Courtney sends about 15 questions to brides before the initial consultation. The basics, like venue, timing, and contact information, are handled before you even sit down, so the meeting can focus on the creative conversation.

From there, she wants to understand:

Your dress. The neckline, texture, embellishments, and silhouette all affect how a bouquet should be designed. A low neckline paired with a tall, upright bouquet will cover the most beautiful part of the dress. A heavily laced gown calls for something different than clean satin.

Your table setup. Round versus rectangular tables, linen choices, and table counts all influence what centerpiece styles will actually work in the space.

Your venue. A bright white-walled ballroom and a dark wood barn are going to read completely differently in photos and in person. Flowers that pop beautifully in one setting can get lost in the other.

Your Pinterest board, with a caveat. Courtney appreciates when brides come in with visual references. It helps her identify patterns in what they are drawn to. However, she is candid that a significant portion of floral inspiration online is AI-generated or heavily edited, showing flowers in colors, shapes, or arrangements that simply do not exist in nature. Her job becomes translating what you are drawn to into something that can actually be created with real flowers.

If a photo shows a color or variety that cannot be sourced, she pulls up her own reference library of real flowers in real colors to help bridge the gap.

On Bouquet Style and Size

Courtney does not do small bouquets. Not because she refuses, but because the wildflower and organic styles that are popular right now require a certain stem count and variety to actually achieve the look. Fewer stems just gives you something that looks unfinished, not something that looks casually natural.

She also brings up a practical design rule that applies whether you are hiring a florist or doing flowers yourself: always work with odd numbers.

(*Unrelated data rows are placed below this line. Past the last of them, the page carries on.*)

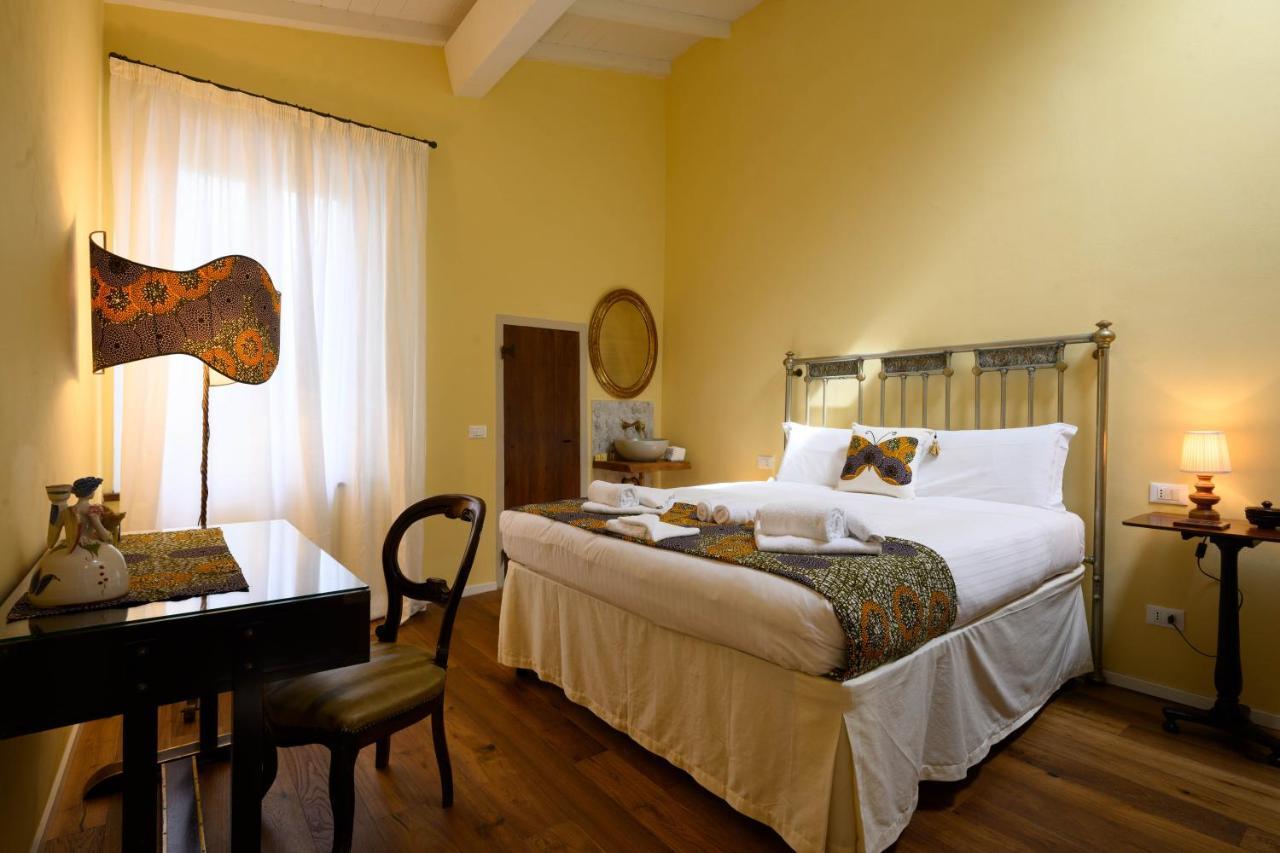 Cozynest — 4-Star Luxury Hotel in Florence, Italy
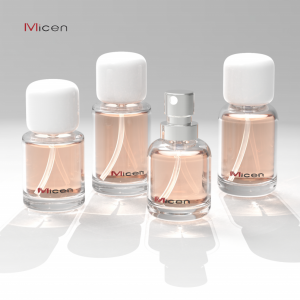 10ml/15ml Perfume Glass Bottle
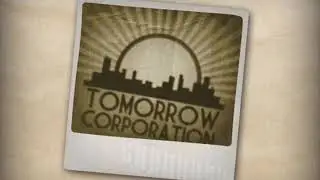 Tomorrow Corporation Discord Server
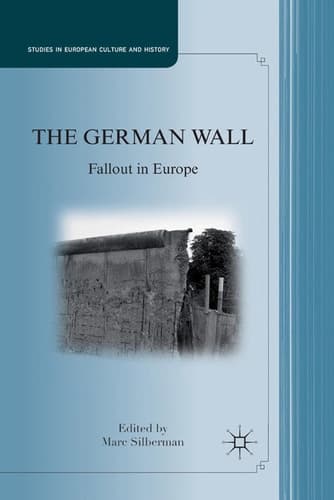 The German Wall Fallout in Europe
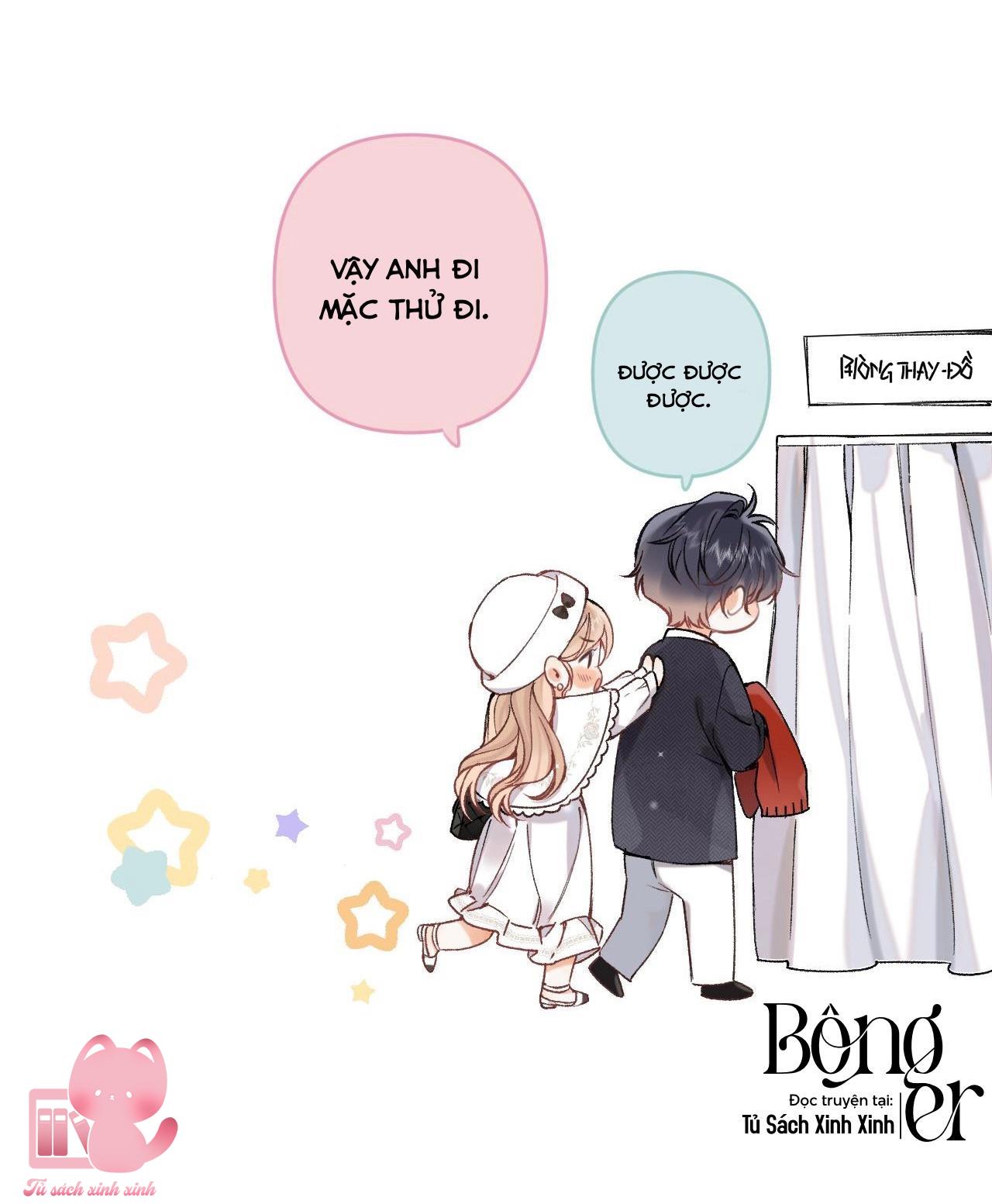 Mối Tình Thầm Kín Chap (NT1) - Next Chapter 1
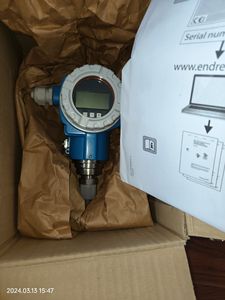 Transmisores de Presión PMP71 Premium 100% Originales de Alemania, Sensor de Presión Cerabar PMP71B para Endress Hauser - Product Image 3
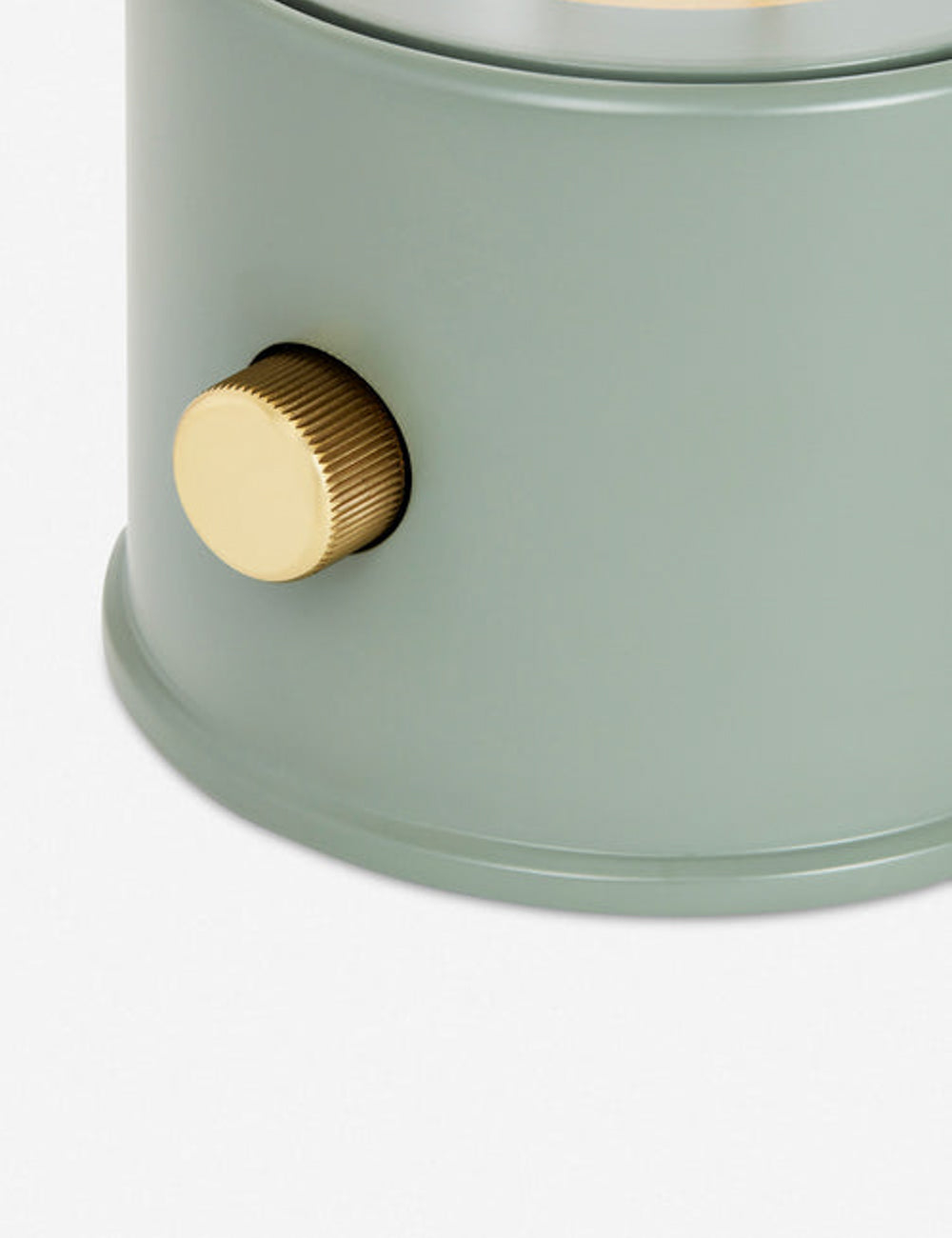 Muse Table Lamp by Tala - Sage
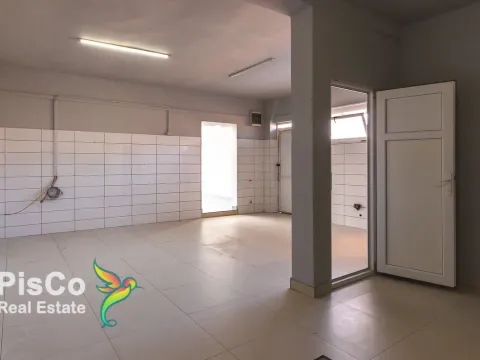 Izdavanje, poslovni prostor, 73m², Zabjelo, Podgorica - image 8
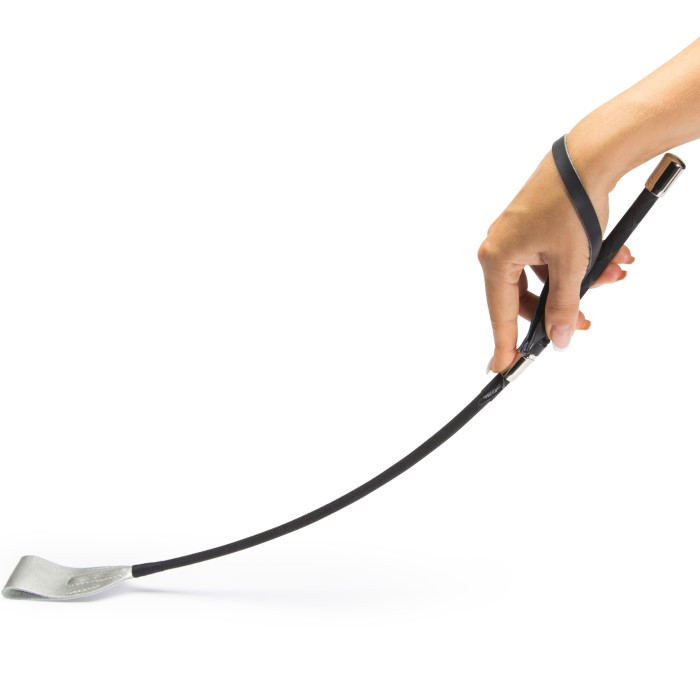 As wielded by Ms Spears herself in the 'Work B**ch' video, t... Fifty Shades of Grey - Sweet Sting Riding Crop photo-2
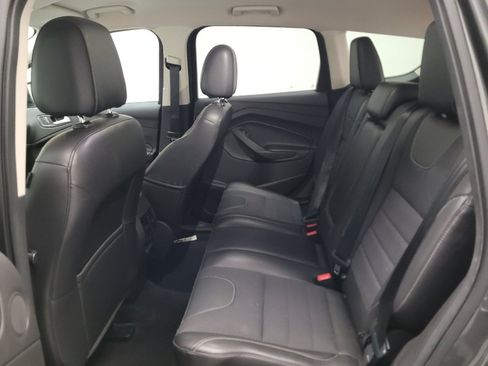 Used 2016 Ford Escape SE w/ SE Chrome Package FWD image 18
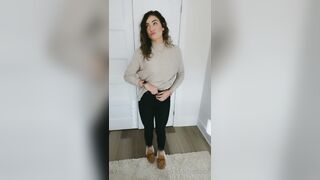 Sandyinlace (Sandy InLace) OnlyFans Leaks Quirky and Unconventionally Top OF Creator 58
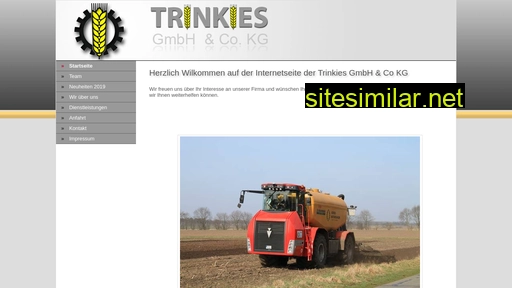 Stefan-trinkies similar sites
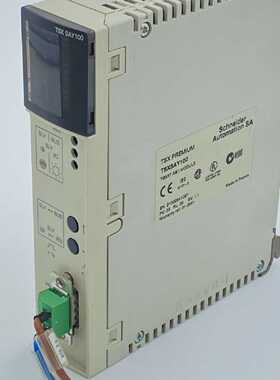 SCHNEIDER ELECTRIC Telemecanique Modicon TSX TSXSAY100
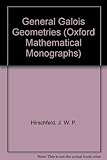 General Galois geometries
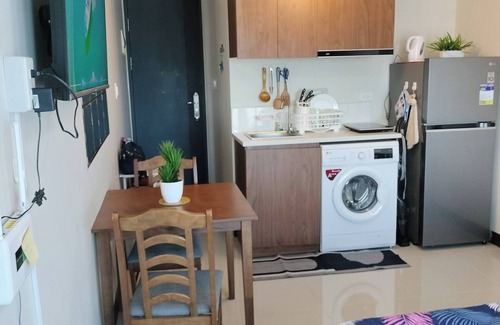 Lapu-Lapu Wohnung | Peaceful Lapu-Lapu Getaway - Private Studio for Rent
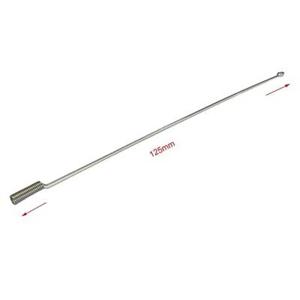 Heng Long Torro Taigen tank ..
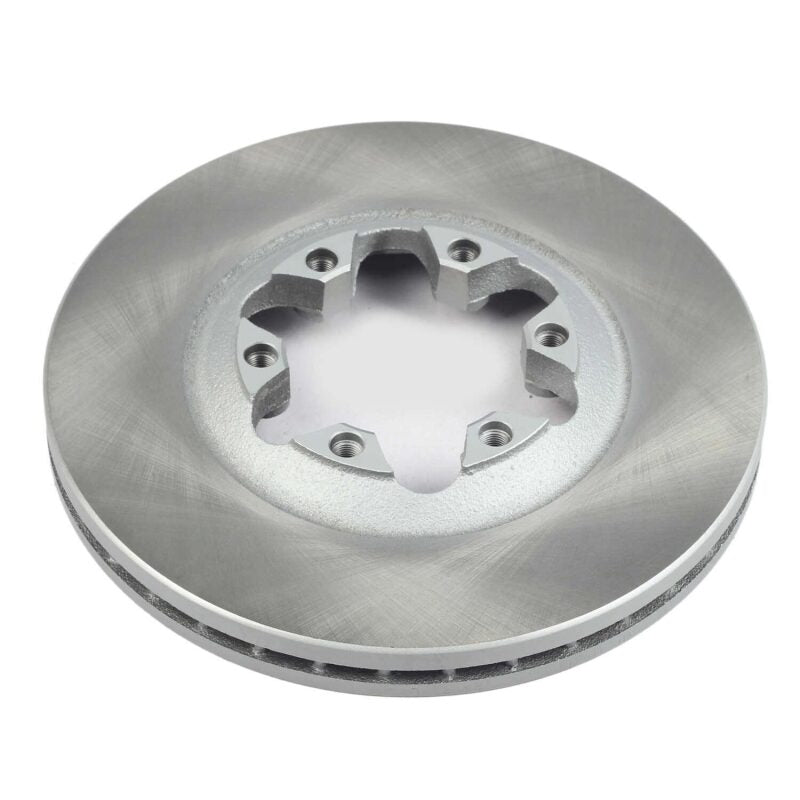 PowerStop Power Stop 04-08 Chevrolet Colorado Front Semi Coated Rotor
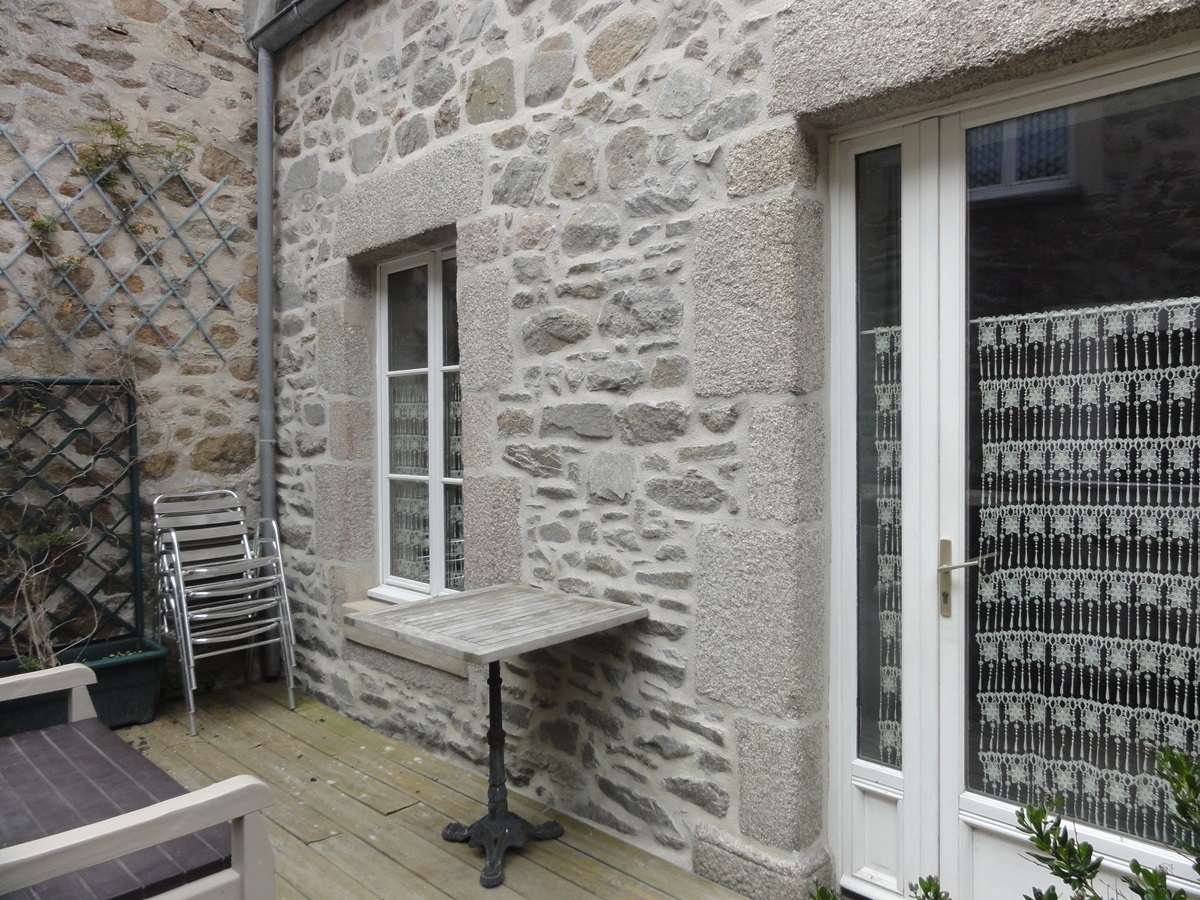 Meublé de tourisme > L'Annexe, Saint-Vaast-la-Hougue - photo 3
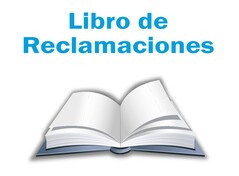 libro de reclamaciones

One stem, three stems, five stems. Even numbers create visual tension and symmetry that reads as stiff. Odd numbers feel natural and balanced.

On the topic of specific flowers, she discourages lilies in bouquets for a few reasons. The petals crease when bumped. The blooms are large and can overwhelm the arrangement. They are difficult to wire securely. And she will always offer alternatives that give you the feeling you are going for without the practical drawbacks.

The same applies to sunflowers. The heads are heavy and tend to droop once cut, which means a bouquet of sunflowers often looks nothing like the inspiration photo. They work beautifully in table arrangements where the angle is different.

Working with Your Florist, Not Against Them

Courtney is clear that her primary job is education. Couples are not expected to know flower varieties, seasonal availability, or the technical reasons why certain designs work and others do not. That is what she is there for.

“I love your vision. It just doesn’t have to be for me, it’s for you. But I’m going to tell you the whys behind it.”

She will never simply say no to an idea. She will explain the reasoning, propose an alternative, and find a way to honor the spirit of what you are envisioning within the constraints of what is actually possible. That is the difference between a florist who has been doing this for 20 years and someone pulling together arrangements for the first time.

Trust the process. Come in with ideas. Listen when they push back. The result will almost always be better than what you originally pictured.